Exclude the pictures and transcribe the rest of the data below exactly.
:: Provided information ::
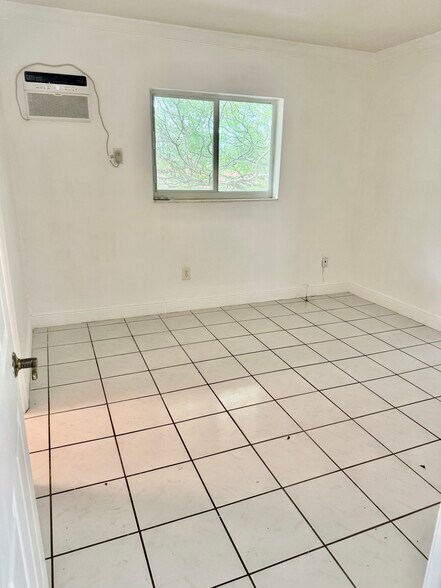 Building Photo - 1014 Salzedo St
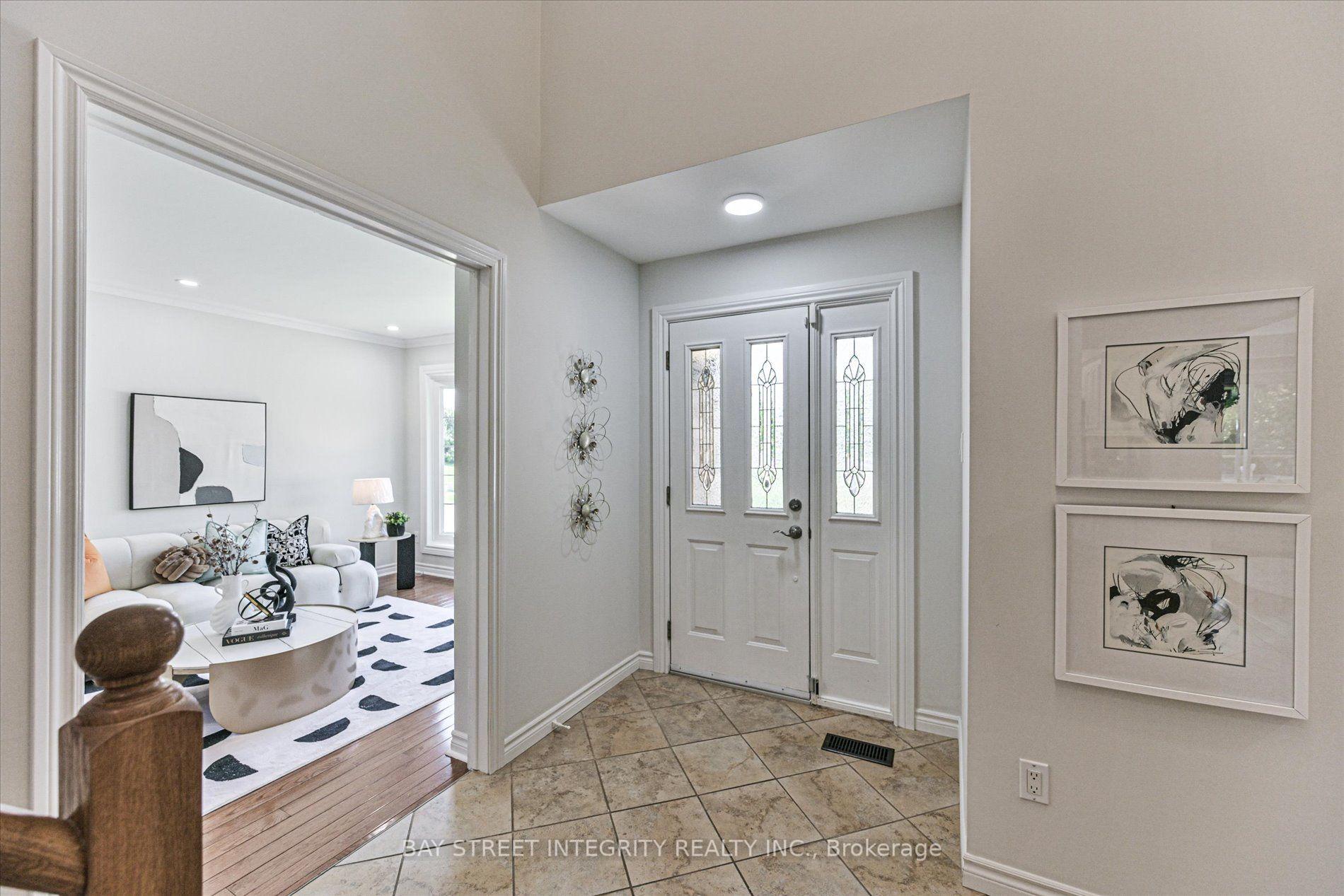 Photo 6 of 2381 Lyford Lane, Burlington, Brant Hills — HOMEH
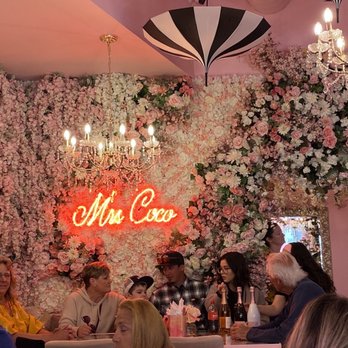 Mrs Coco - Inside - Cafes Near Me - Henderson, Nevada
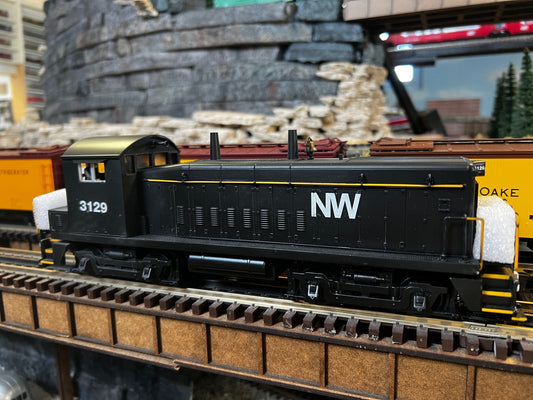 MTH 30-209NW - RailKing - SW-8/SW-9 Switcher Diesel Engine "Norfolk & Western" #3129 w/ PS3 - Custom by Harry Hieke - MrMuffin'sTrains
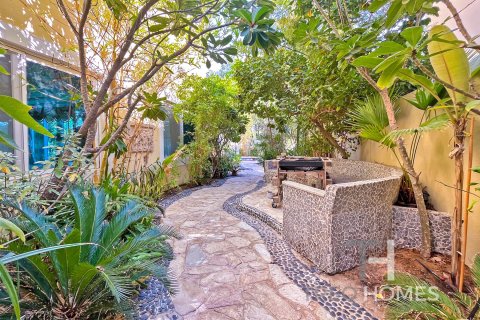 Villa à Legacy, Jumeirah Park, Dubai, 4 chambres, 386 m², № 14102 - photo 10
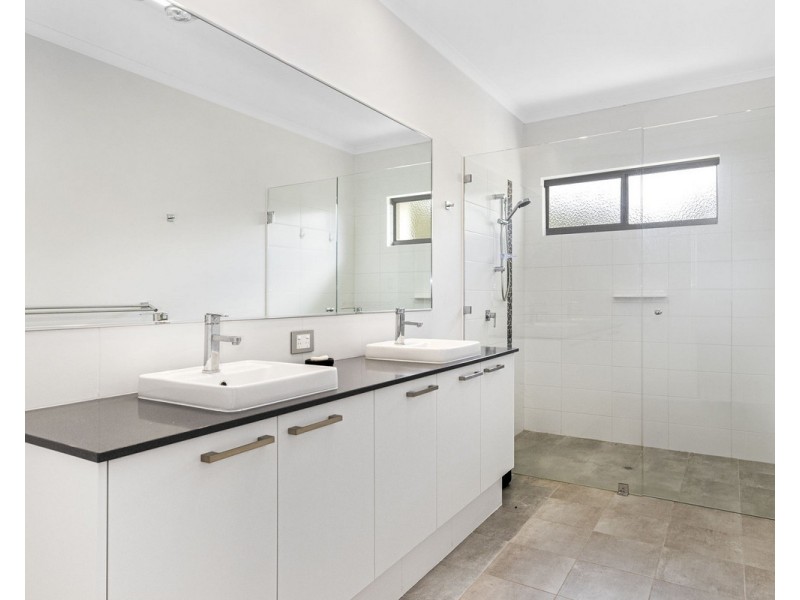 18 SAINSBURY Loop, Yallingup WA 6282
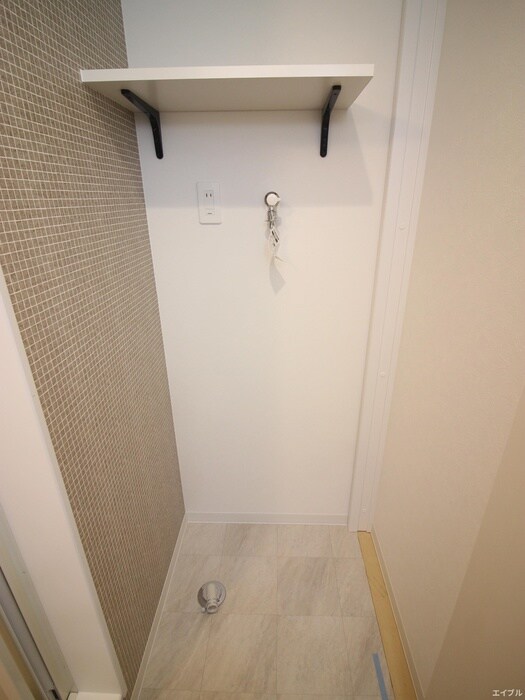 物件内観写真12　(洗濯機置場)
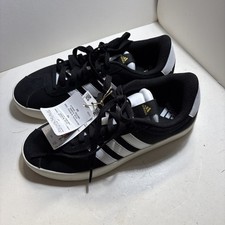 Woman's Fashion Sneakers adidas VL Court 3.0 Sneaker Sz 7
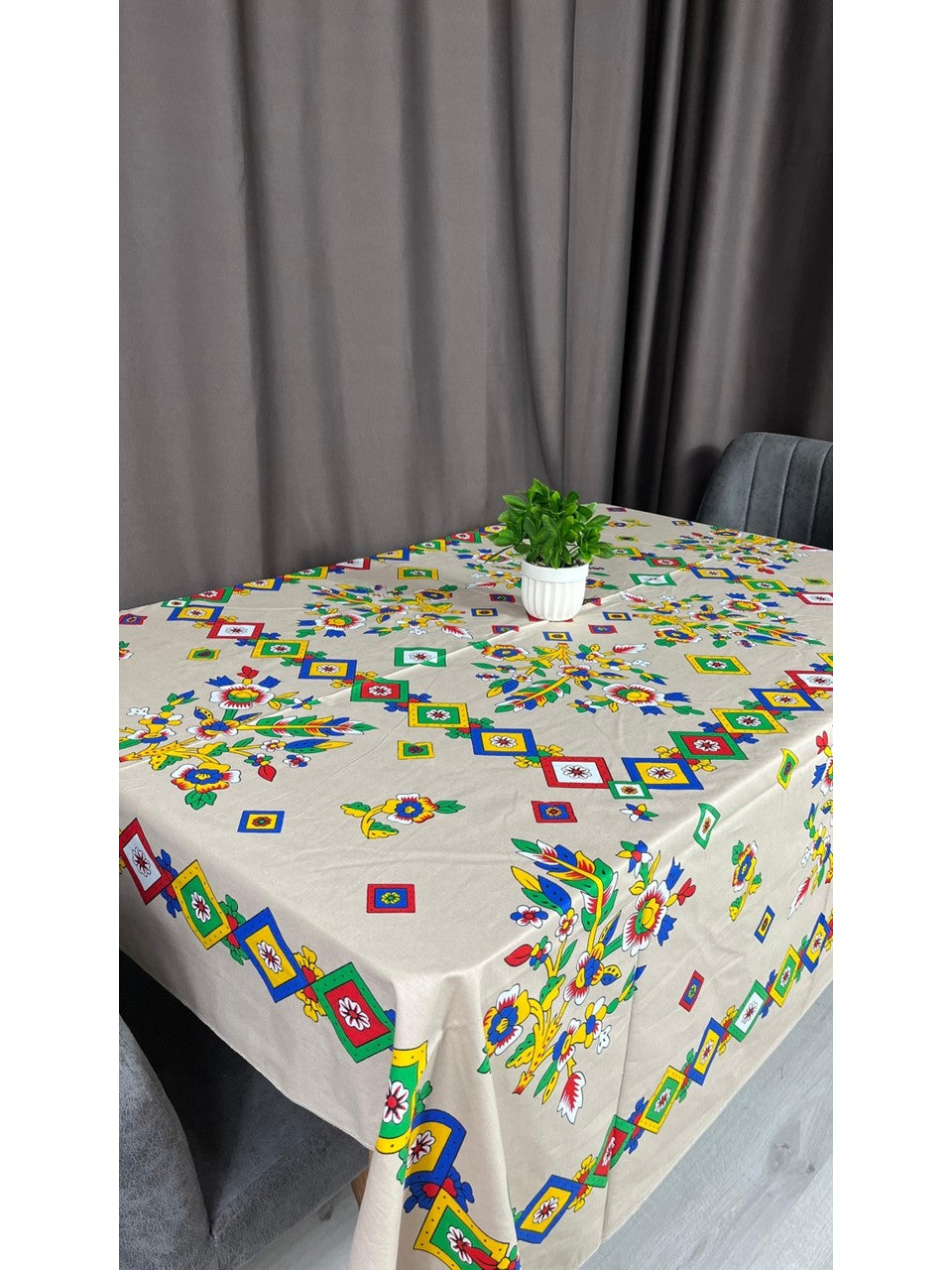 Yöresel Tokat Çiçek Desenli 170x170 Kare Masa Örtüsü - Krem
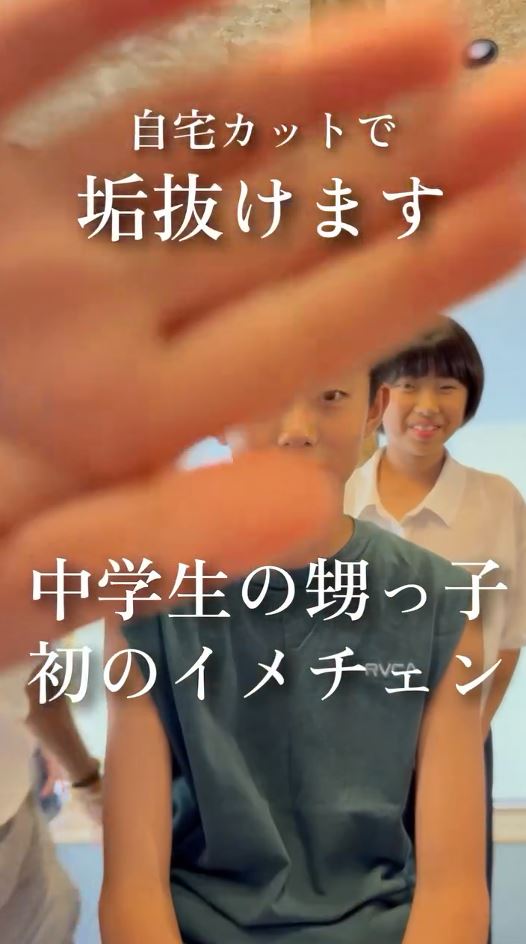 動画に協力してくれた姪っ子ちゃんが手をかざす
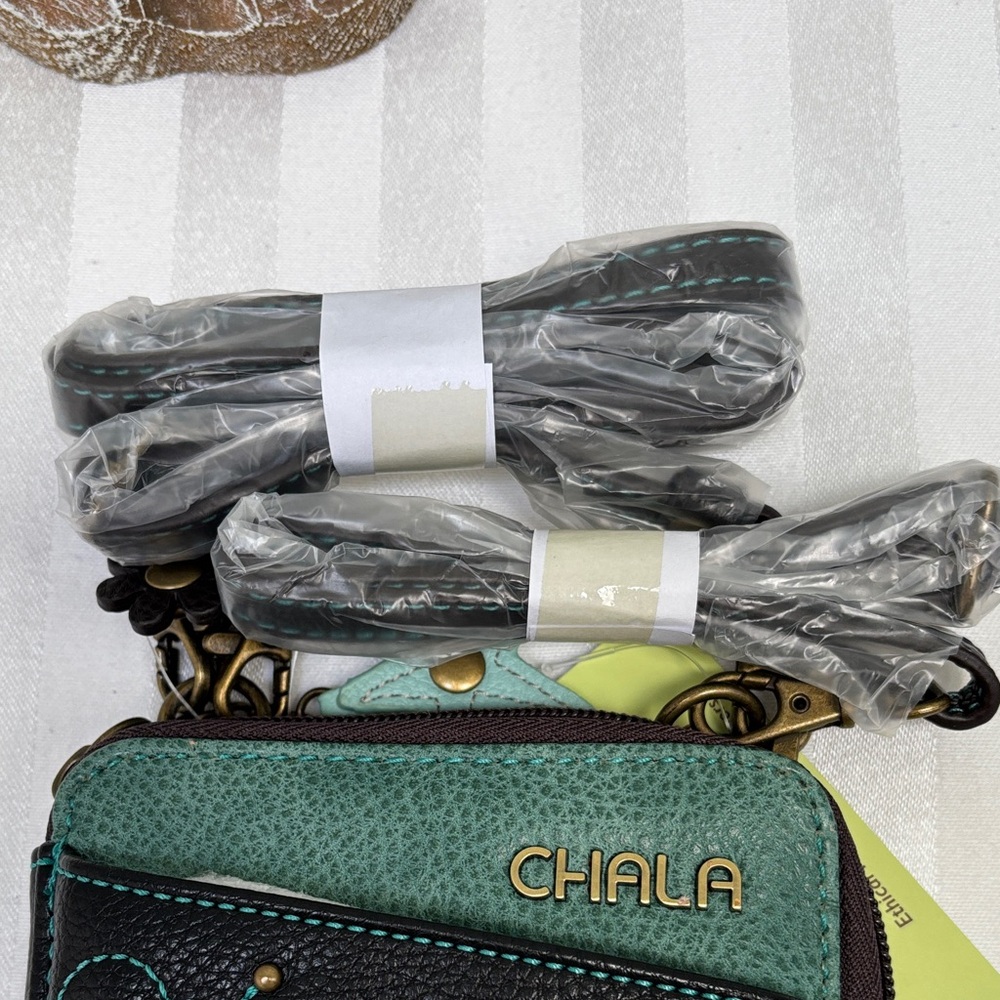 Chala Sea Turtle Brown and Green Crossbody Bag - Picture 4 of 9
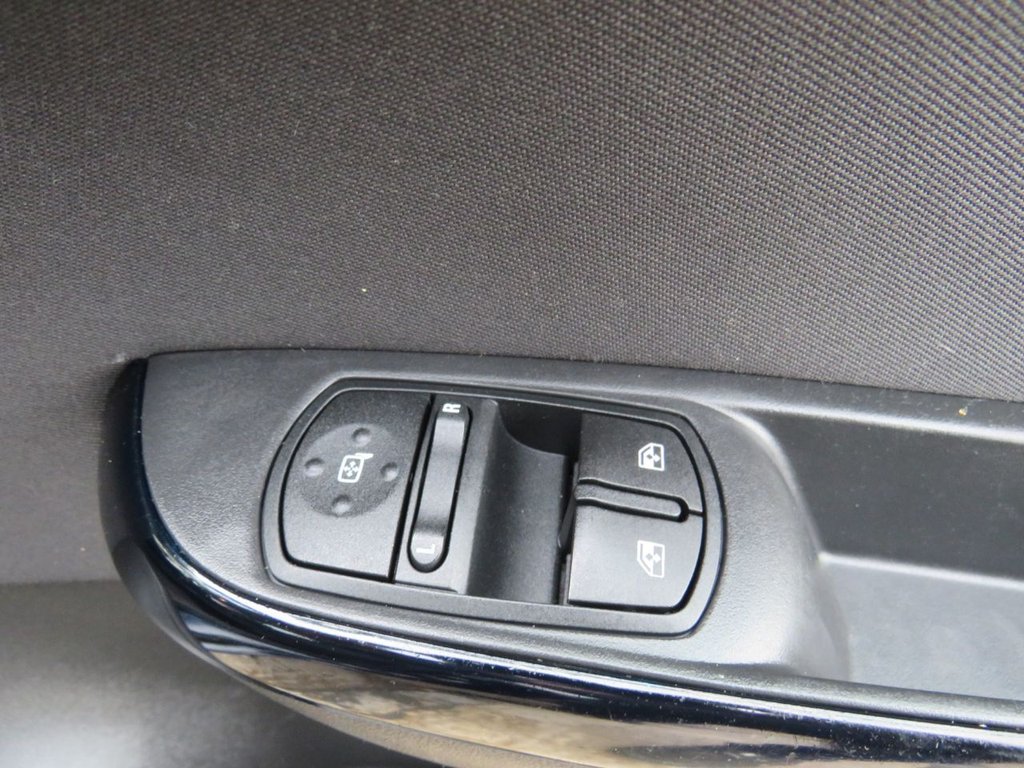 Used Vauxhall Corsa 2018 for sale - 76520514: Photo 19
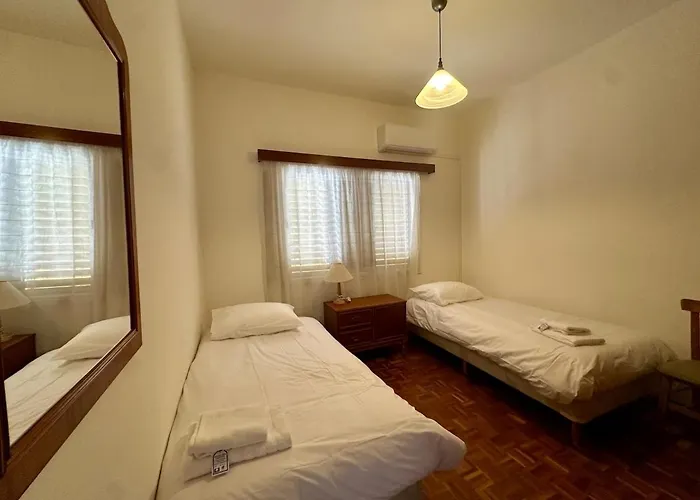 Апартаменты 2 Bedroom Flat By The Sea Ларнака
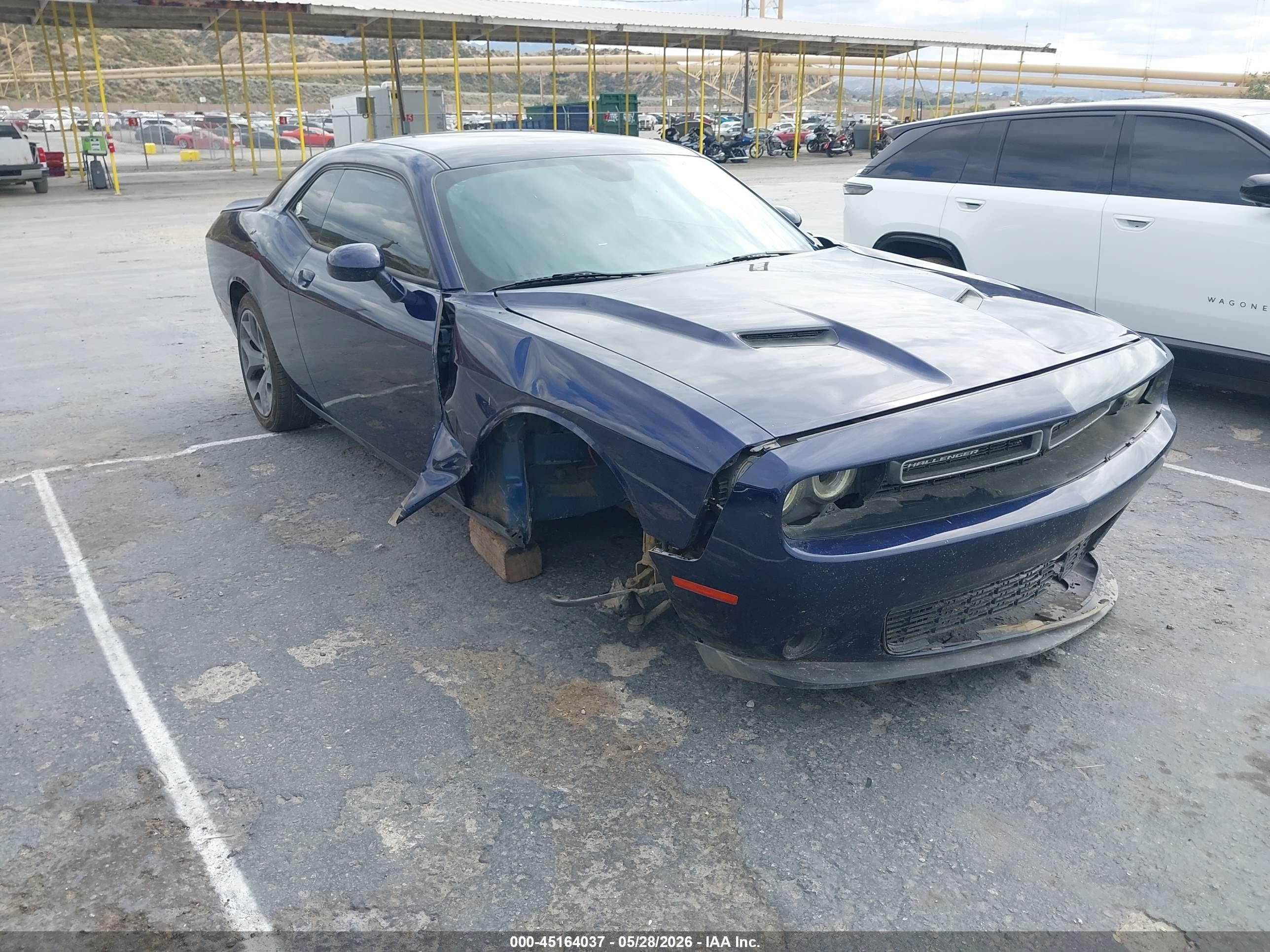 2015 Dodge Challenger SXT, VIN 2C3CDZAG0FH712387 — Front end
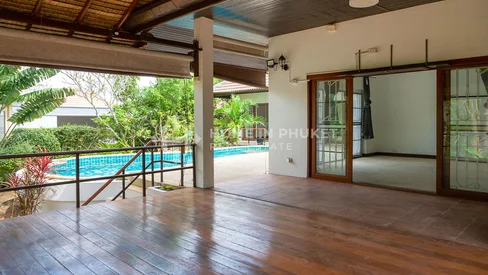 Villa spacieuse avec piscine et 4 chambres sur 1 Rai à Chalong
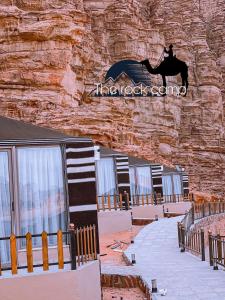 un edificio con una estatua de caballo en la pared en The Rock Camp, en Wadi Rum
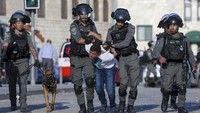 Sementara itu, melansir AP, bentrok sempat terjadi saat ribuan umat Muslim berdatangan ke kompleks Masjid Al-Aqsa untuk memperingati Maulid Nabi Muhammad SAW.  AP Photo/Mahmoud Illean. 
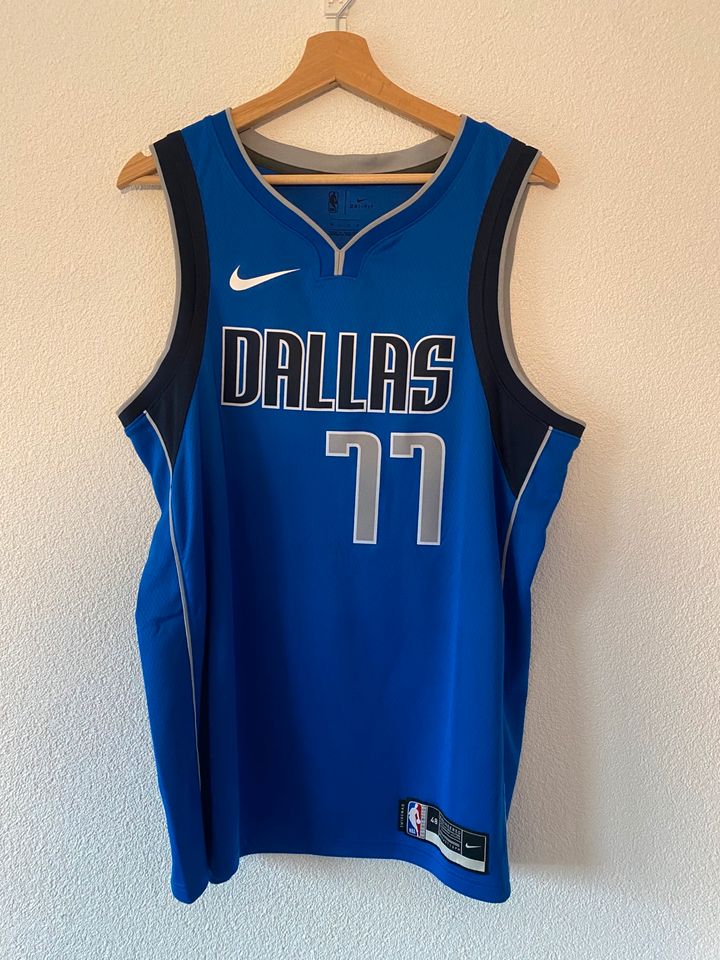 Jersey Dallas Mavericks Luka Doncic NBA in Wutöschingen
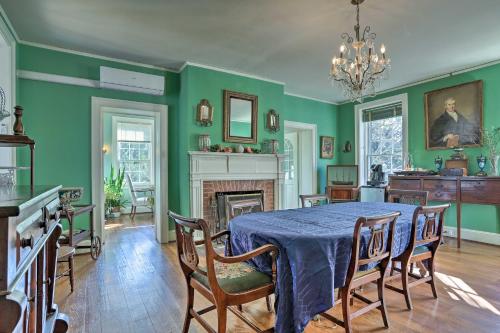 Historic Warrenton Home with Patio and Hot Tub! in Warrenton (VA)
:::
**Response below:**
 Building Photo - 1014 Salzedo St
 Photo 6 of 2381 Lyford Lane, Burlington, Brant Hills — HOMEH
 Mrs Coco - Inside - Cafes Near Me - Henderson, Nevada
 MTH 30-209NW - RailKing - SW-8/SW-9 Switcher Diesel Engine "Norfolk & Western" #3129 w/ PS3 - Custom by Harry Hieke - MrMuffin'sTrains
 Villa à Legacy, Jumeirah Park, Dubai, 4 chambres, 386 m², № 14102 - photo 10
 18 SAINSBURY Loop, Yallingup WA 6282
 物件内観写真12　(洗濯機置場)
 Woman's Fashion Sneakers adidas VL Court 3.0 Sneaker Sz 7
 Yöresel Tokat Çiçek Desenli 170x170 Kare Masa Örtüsü - Krem
 動画に協力してくれた姪っ子ちゃんが手をかざす
 Chala Sea Turtle Brown and Green Crossbody Bag - Picture 4 of 9
 Used Vauxhall Corsa 2018 for sale - 76520514: Photo 19
 Апартаменты 2 Bedroom Flat By The Sea Ларнака
 2015 Dodge Challenger SXT, VIN 2C3CDZAG0FH712387 — Front end
 Villa spacieuse avec piscine et 4 chambres sur 1 Rai à Chalong
 un edificio con una estatua de caballo en la pared en The Rock Camp, en Wadi Rum
 Sementara itu, melansir AP, bentrok sempat terjadi saat ribuan umat Muslim berdatangan ke kompleks Masjid Al-Aqsa untuk memperingati Maulid Nabi Muhammad SAW.  AP Photo/Mahmoud Illean. 
 Jersey Dallas Mavericks Luka Doncic NBA in Wutöschingen
 Historic Warrenton Home with Patio and Hot Tub! in Warrenton (VA)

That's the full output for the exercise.